In our last blog post, we focused on the digital transformation in the manufacturing industry, sharing our initial thoughts around micro-optimisations and MTL; short for Mesh Twin Learning, our own concept for enabling the technical implementation of various automation mechanisms on production lines.
This concept addresses most of the common challenges organizations face in Industry 4.0 transformation, such as complexity, gaps in standardisation or the inability to pick benefits from the wider scope of the solution.
This time, we would like to take a step further and dive into the MTL concept from the implementation perspective – as opposed to the purely technical – for two reasons. The first is to build a better understanding of the general concept and competitive advantages that such implementation brings with it, but we also want to discuss possible use cases, which are much more advanced and extensible beyond the initial manufacturing industry vertical.
A Long (hi-)story Made Short
The MTL solution was invented by me and my friend Maciej Mazur – we are both Solutions Architects, each with our own various experiences.
Maciej – our Chief Data Scientist – has a strong background in telecommunication, industry, and Data Science (surprise!). He has also always worked heavily on large scale projects, including many cutting-edge solutions driven by vast amounts of data.
I, however, was grown on slightly different ground, where modern technologies – especially those connected with the Cloud, networks and high-performance solutions – are used to build bleeding-edge systems in FinTech and eCommerce spaces.

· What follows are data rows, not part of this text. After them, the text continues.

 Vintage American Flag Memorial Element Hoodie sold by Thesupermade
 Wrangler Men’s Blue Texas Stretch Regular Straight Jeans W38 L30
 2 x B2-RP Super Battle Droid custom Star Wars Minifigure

We’ve got few things in common, but two are the most relevant for this story:
- We both like to solve real-life problems using the best possible technologies – even if it means we have to push the latter beyond its current limits
- We are always looking at how to combine our expertise and experiences to design solutions that are able to push the world forward
With that in mind, it was some time ago that, during morning coffee, that we first started to analyse one of the freshest cases that came to us. A manufacturing company wanted to track all of their assets, processes and logistics across warehouse and production lines. There were several solutions available on the market, but none of them were able to fulfil all of these requirements. Thus, we had to design something that connects the beats these other products miss.

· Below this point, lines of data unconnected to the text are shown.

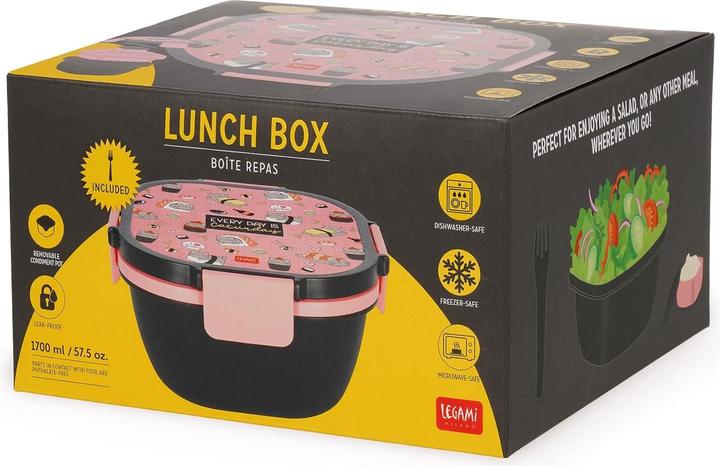 Produktbild Legami Lunchbox mit Tablett & Gewürzbehälter (1700 ml)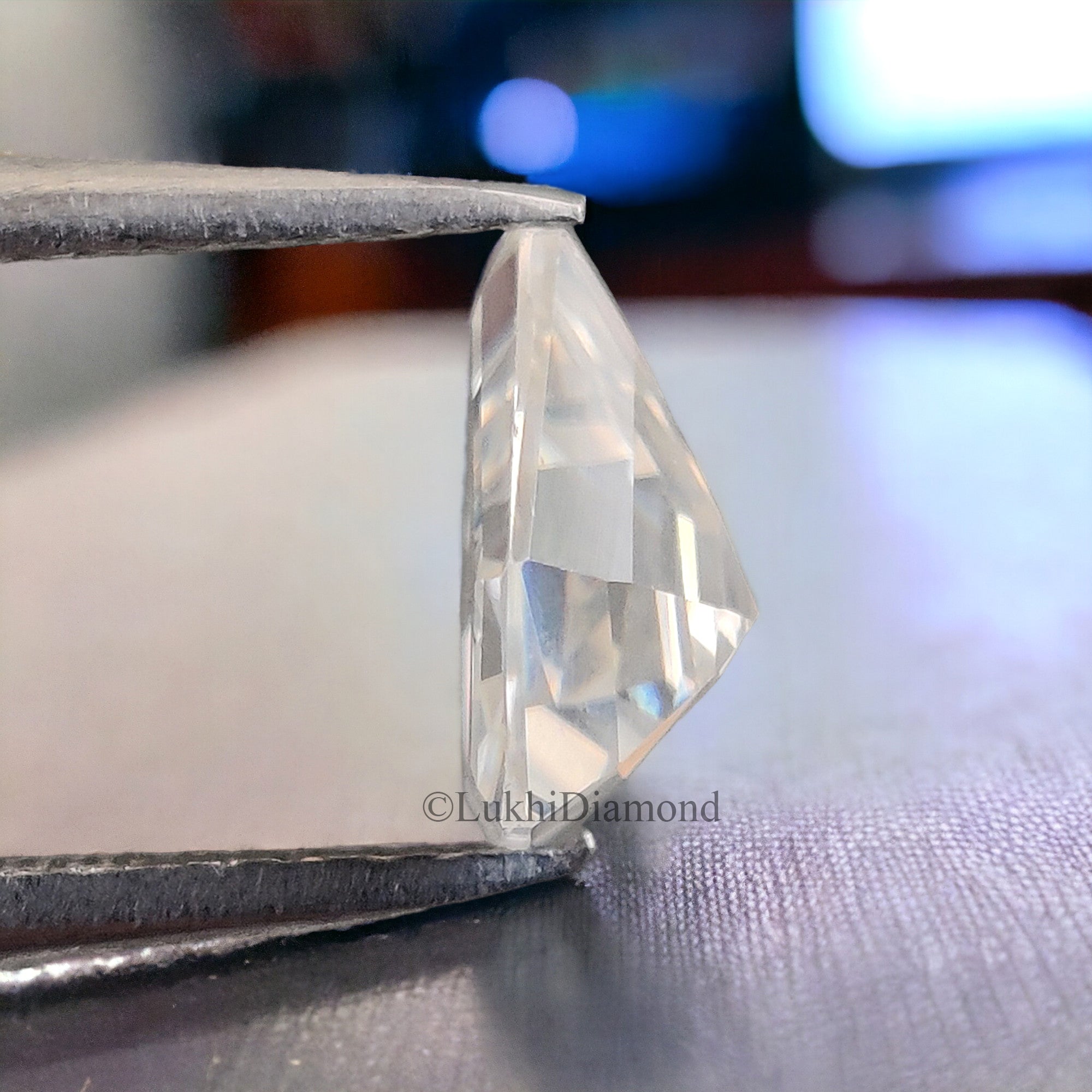 Shield Brilliant Cut Loose White Moissanite Stone 8,10,12,14 MM Vintage Antique Handcrafted Eye Clean Moissanite Engagement Gift Ring Q145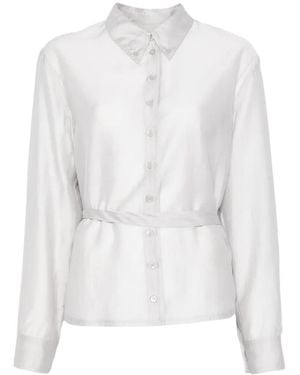 Low Classic Long Sleeve Shirt - White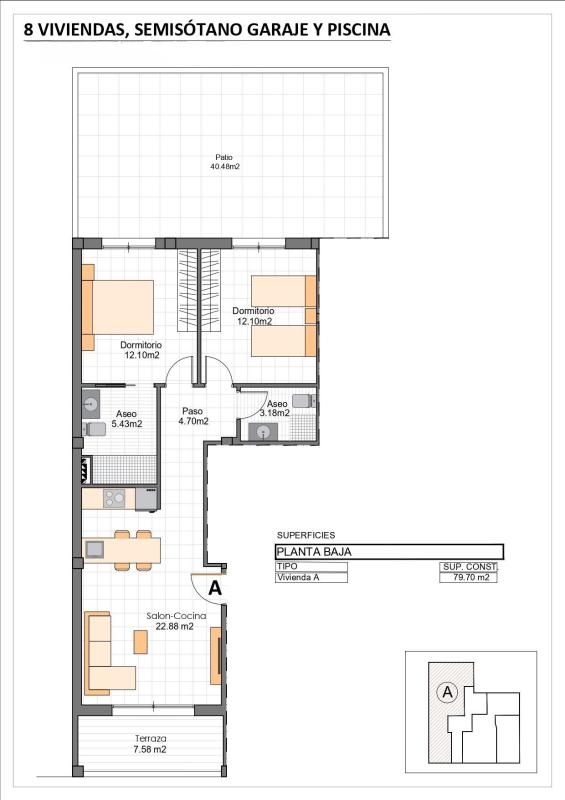 apartment te koop in Mazarrón | 2 slaapkamers H490895
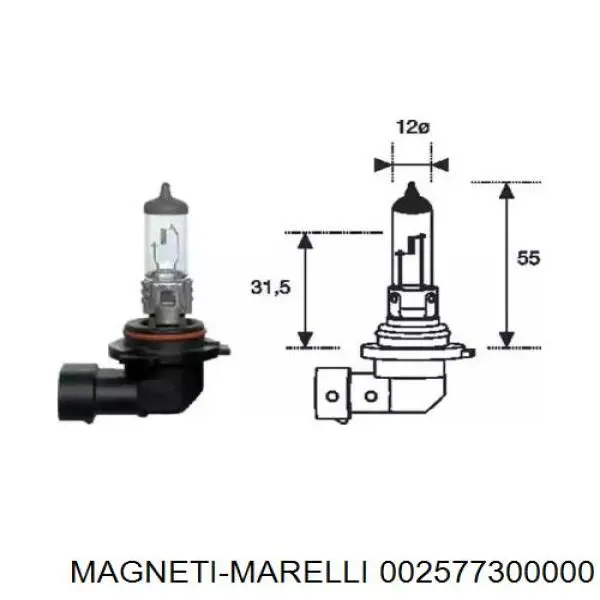 Лампочка галогенная 002577300000 Magneti Marelli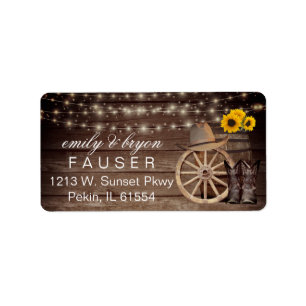 Étiquette Baril de bois du pays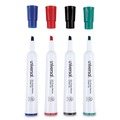 Washable Markers | Universal UNV43650 Broad Chisel Tip Dry Erase Marker - Assorted Colors (4/Set) image number 2
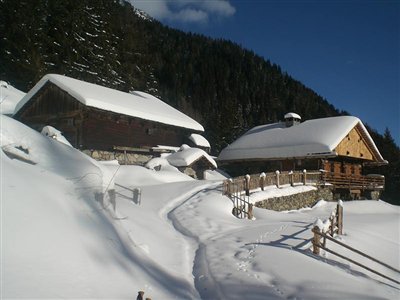 Bergeralm in winter
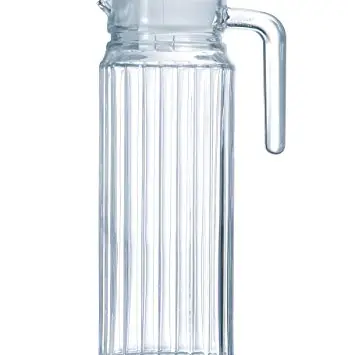 Luminarc Quadro Krug mit Deckel, 1,1 Liter, Glas, transparent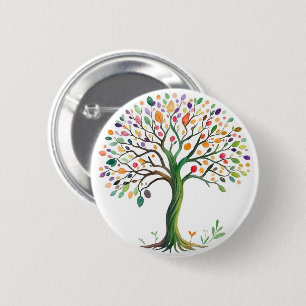 Tree of Life 6 Cm Round Badge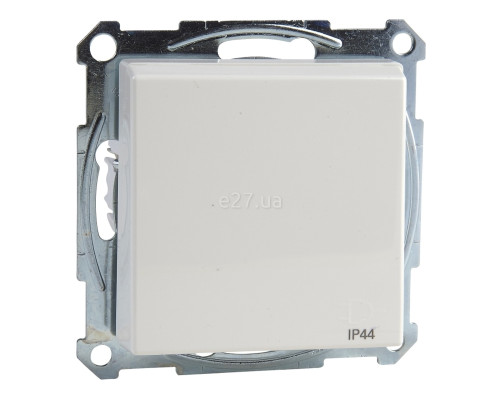Розетка 220В Schneider Electric MTN2314-0319 Merten System M, полярно-білий, пластик, із заземленням, Schuko, ip44, із захисною кришкою, зі шторками, для врізного монтажу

Needless to say, it all went well (we wouldn’t be here talking about it if it did not!), the client was satisfied and the solution was stable. However, while this served the initial purpose, it wasn’t enough for us…
Technologies That Aim To Serve
Our first thought was that, with the modern technologies available on the market that we are using in every day projects, there has to be a way to get more out of them – not least of all in terms of scale, even if we are not thinking about the largest global players. This is how we came up with the Mesh Twin Learning concept – which we want to describe step by step.
However, before we jump into a detailed description of MTL’s technical architecture, it’s important to start from ground zero – in other words, the fundamental knowledge around the technologies we used to make this concept so effective, unique and special.
So, first of all, let’s quickly look at the definitions for the technology and terms that we will be using later on:
- Cloud – A large network of interconnected data centres, which operate as a single ecosystem, providing the necessary resources, computing power, and services to run applications or deliver the content to end-users.
- Edge Computing – A type of system architecture, where data storage and computing capabilities are moved to edge locations. This is supported by specialised devices connected to the global network, allowing for distributed computing with immediate access to results and seamless communication with Cloud resources.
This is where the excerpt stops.